The doctrine of the church has been "He that believeth and is baptised shall be saved, and he that believeth not shall be damned." The idea of this text has probably done more harm to humanity than it has benefited from the rest of the gospel, for it has countenanced all the ill-will and persecution that has everywhere followed in the train of Christianity. I know it will be said that this passage, indeed the whole of the sixteenth of Mark from the ninth verse to the end, is wanting in some of the ancient manuscripts; but while the Authorised version is circulated as the word of God, it is properly cited. And indeed if this doctrine is discarded there is much else that must go with it.

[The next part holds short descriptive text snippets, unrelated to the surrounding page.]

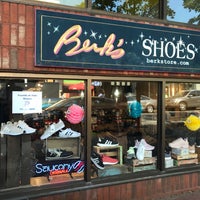 Berk S Shoes Shoe Store In College Hill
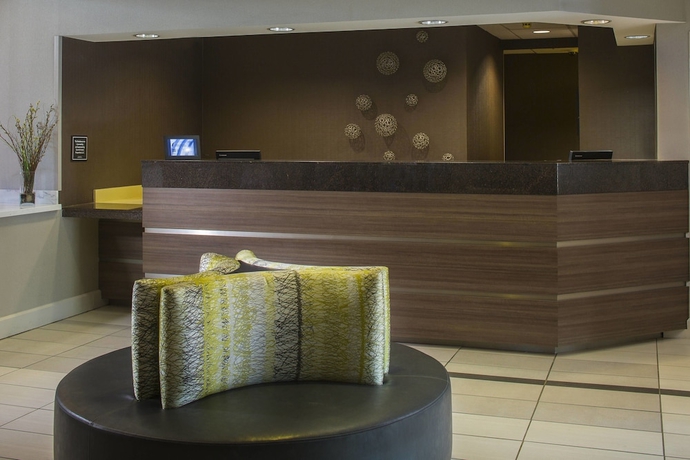 Imagen de la habitación del Hotel Residence Inn By Marriott New Orleans Metairie. Foto 16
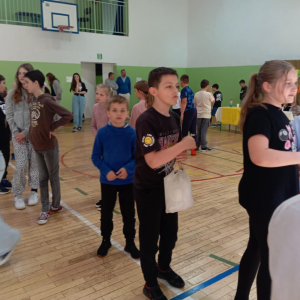 „Kawiarenka Dobra” - relacja z akcji 11 czerwca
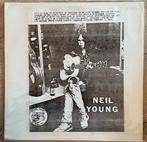 Neil Young zeldzaam live, Ophalen of Verzenden, Poprock
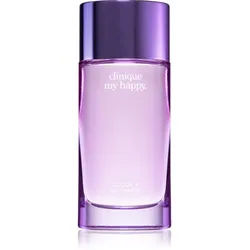 Clinique My Happy. Cocoa & Cashmere Eau de Parfum für Damen 100 ml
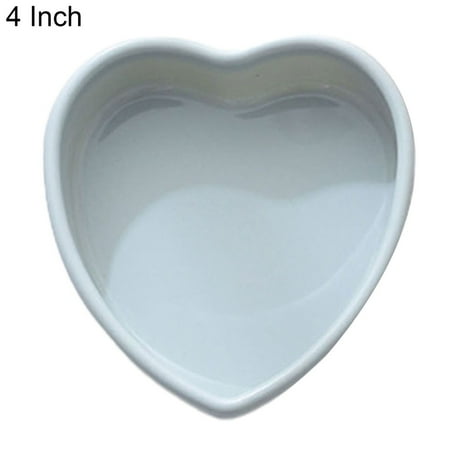 UDIYO Cake Mold 4/7/9/10 Inch Cake Mold Non-stick Flexible Silicone Multifunctional Heart Shape DIY Bread Baking Tray Mould for Kitchen
UDIYO Cake Mold 4/7/9/10 Inch Cake Mold Non-stick Flexible Silicone Multifunctional Heart Shape DIY Bread Baking Tray Mould for Kitchen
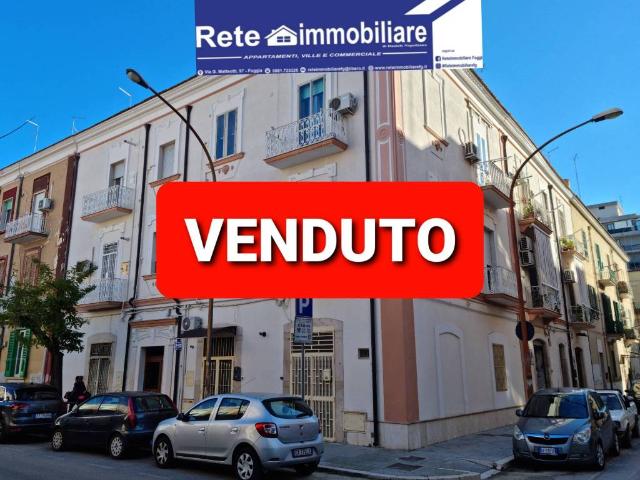 Appartamento in vendita a Foggia FG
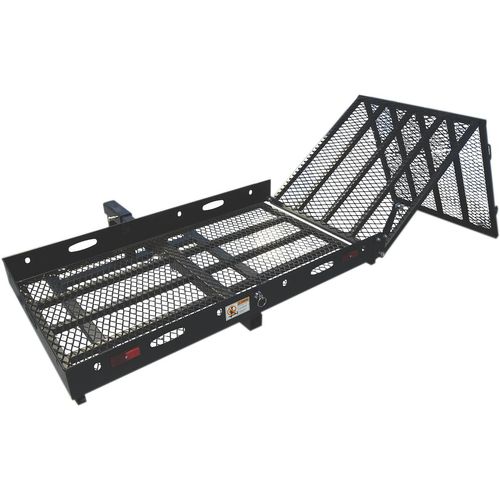 Piattaforma elevatrice per sedia a rotelle - AL001 - Harmar - per veicolo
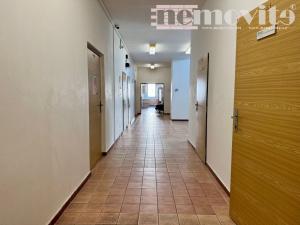 Pronájem kanceláře, Hradec Králové - Pražské Předměstí, Nerudova, 40 m2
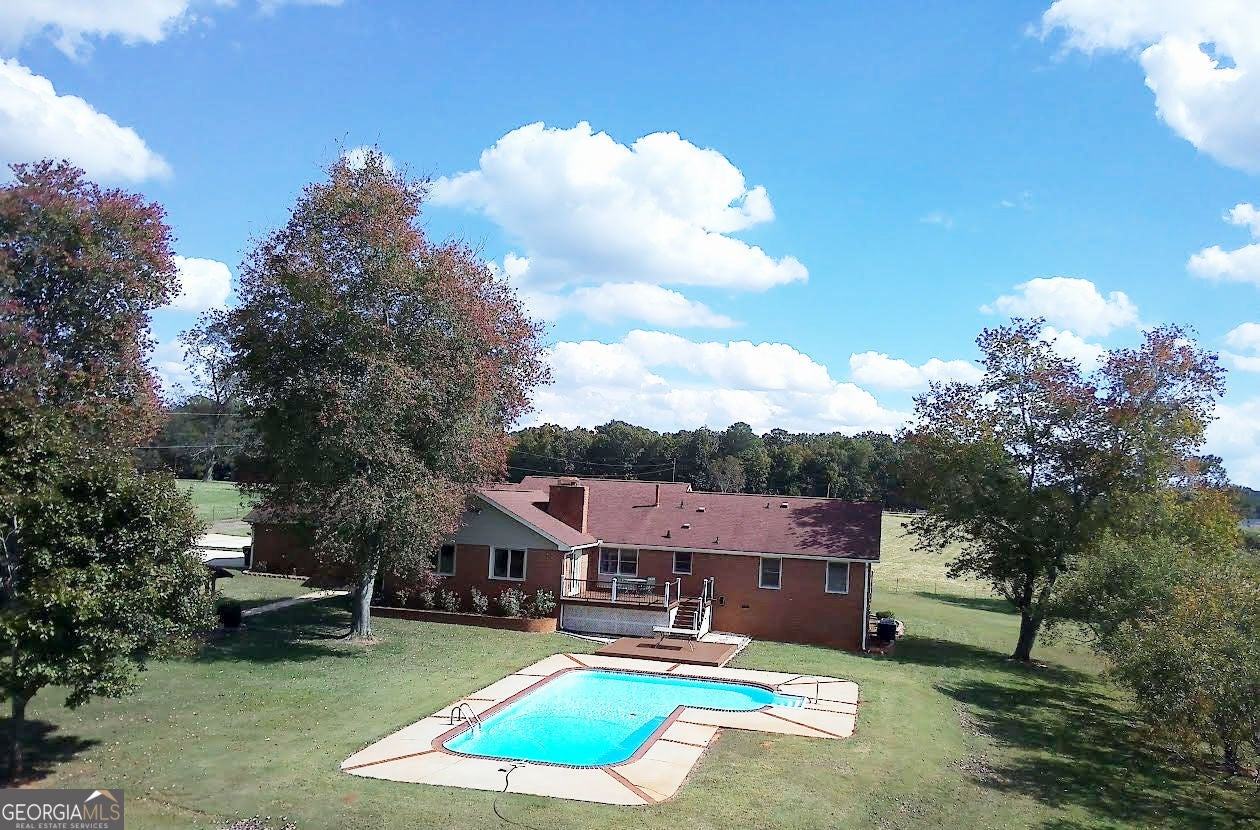 161 Minter DR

Freethought having discredited the doctrine of eternal torments as absurd and dishonoring to God, stress is now laid upon passages indicating a more hopeful doctrine. To one who looks at the general tenor of Scripture, these are of no weight in opposition to the clear and emphatic declarations I have cited. There is no express statement that punishment hereafter will be terminable. On the contrary, the evident teaching is that as the tree falls so it must lie. No hope is extended to the rich man in hell.
That the current belief in the time of Jesus was in the eternity of punishments, we have the testimony of Josephus, who declares this both of the Pharisees and the Essenes.* We have also the testimony of the Fathers. Clement, the apostolic father, said to be the "fellow laborer" of Paul, mentioned in Philip iv. 3, says in his Second Epistle, chap. viii., "Once cast into the furnace of fire there is no longer any help for it. For after we have gone out of the world no further power of confessing or repenting will belong to us." Polycarp, when threatened with martyrdom, is said to have made answer (Ep. to Philippians, xi.), "Thou threatenest me with fire which burneth for an hour, and after a little is extinguished, but art ignorant of the fire of the coming judgment and of eternal punishment reserved for the ungodly." Ignatius too speaks of "the unquenchable fire" (Ep. to Ephesians, 16).
*Antiq. xviii. 1-3; Wars ii, 8, 11-14.